The examples aren't really undefined behavior. They are examples that could become UB based on input/circumstances. Which if you are going to be that generous, every function call is UB because it could exceed stack space. Which is basically true in any language (up to the equivalent def of UB in that language). I feel like c has enough actual rough edges that deserve attention that sensationalism like this muddies folks attention (particularly novices) and can end up doing more harm than good.

Ada 83 has no UB on call stack overflow, from the reference manual :

http://archive.adaic.com/standards/83lrm/html/lrm-11-01.html

"STORAGE_ERROR This exception is raised in any of the following situations: (...) or during the execution of a subprogram call, if storage is not sufficient."

  • So it's just as useful as when your stack area ends with a page that will segfault on access, or your CPU will raise an interrupt if stack pointer goes beyond a particular address?

    It's not safe though because throwing an exception, panicking, etc, is still a denial of service.
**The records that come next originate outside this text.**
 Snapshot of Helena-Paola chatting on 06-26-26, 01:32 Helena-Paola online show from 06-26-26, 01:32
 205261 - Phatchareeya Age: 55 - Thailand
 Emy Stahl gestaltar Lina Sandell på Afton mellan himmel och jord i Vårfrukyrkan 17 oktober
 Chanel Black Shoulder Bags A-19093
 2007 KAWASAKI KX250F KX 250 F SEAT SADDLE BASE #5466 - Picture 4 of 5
It's just more deterministic than silently overwriting the heap instead. If the program is critical then you need to be able to statically prove the full size of the stack, which you can do with C and C++ with the right tools and restrictions.
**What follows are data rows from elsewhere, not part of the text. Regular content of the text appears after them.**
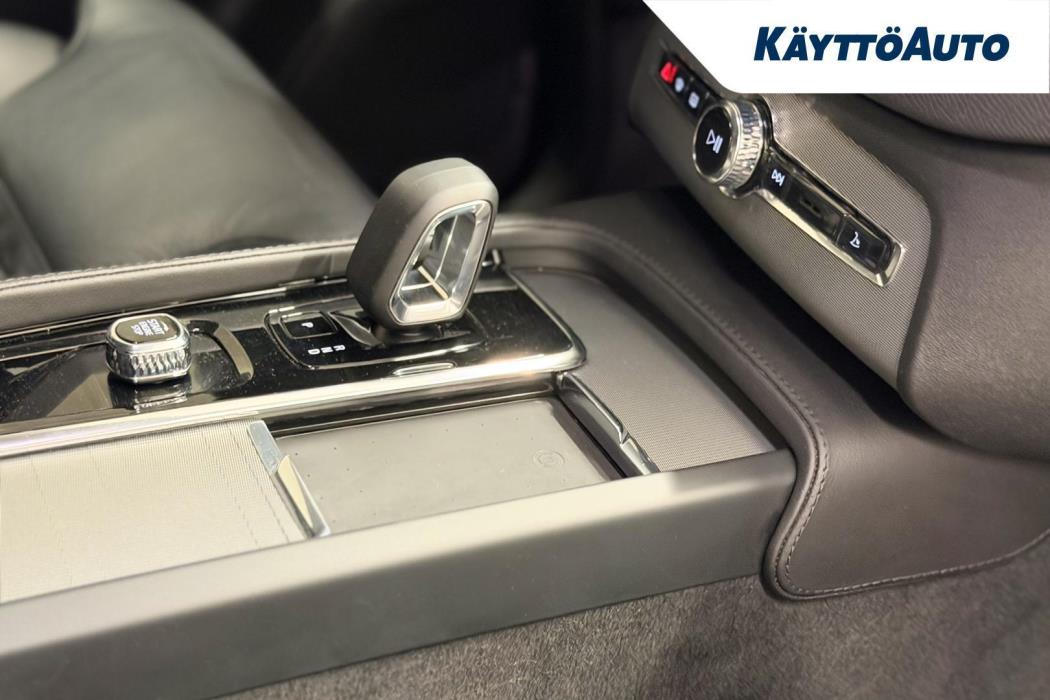 VOLVO XC90 2023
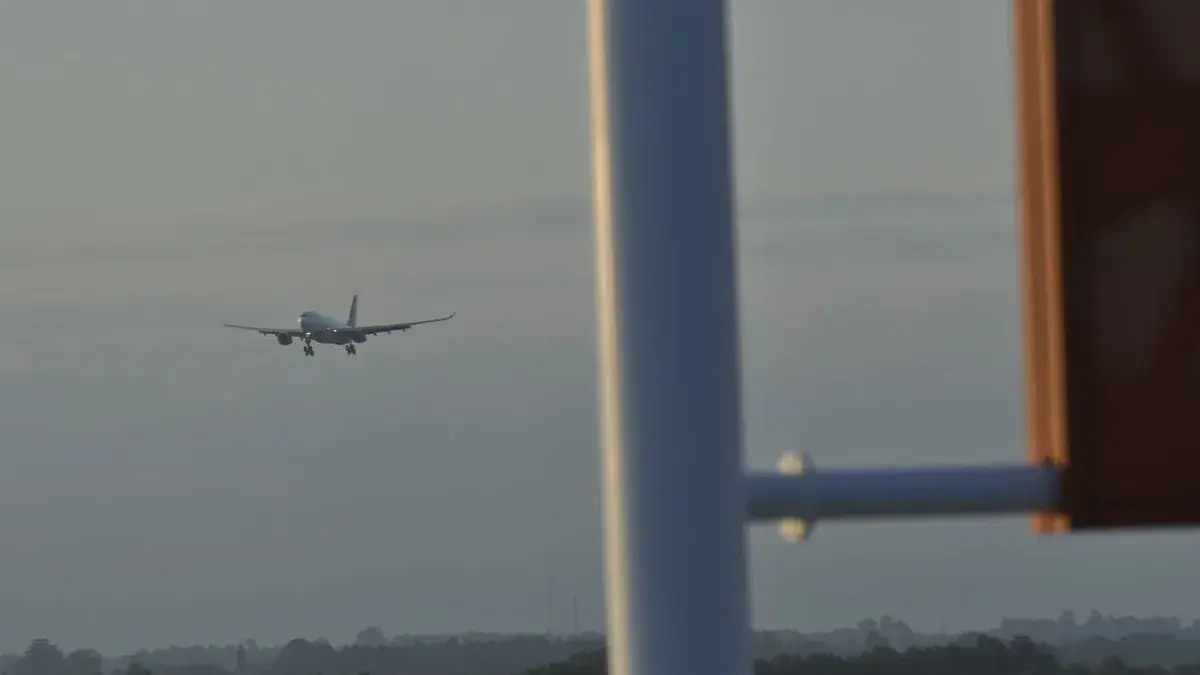 “No es solo levantar la llave”: qué dicen los controladores aéreos sobre la posible activación del ILS III B en Carrasco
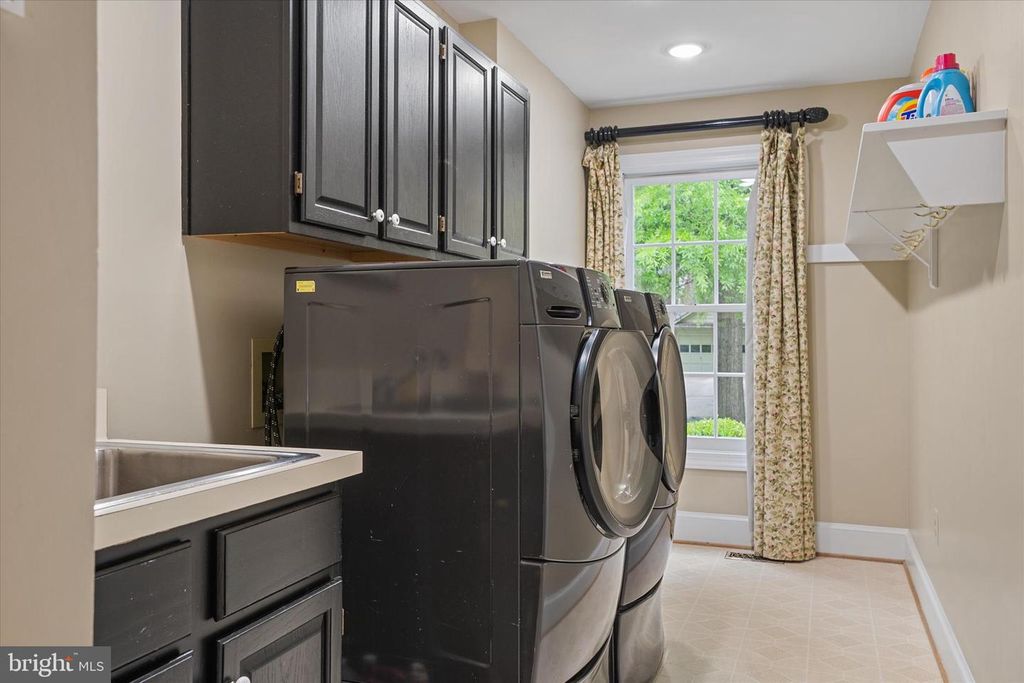 Image 21 of property listing at 5613 SUGARBUSH LN, Rockville, MD 20852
    • You're mixing specification (a language reference manual) and implementation (a given compiler, target, options, ...).

      The Ada language specification says the Ada programmer can expect any Ada compiler when used in fully compliant mode to properly raise STORAGE_ERROR when a stack overflow occurs.

      Only the Ada compiler writer has to deal with this, not every single programmer on every single program and platform (the UB behaviour of some languages).

      In the case of GCC/GNAT the compiler manual provides insight on how to be in compliant mode per target regarding stack overflow, what are the limitations if any. You have tools to monitor and analyze you Ada code in this respect too.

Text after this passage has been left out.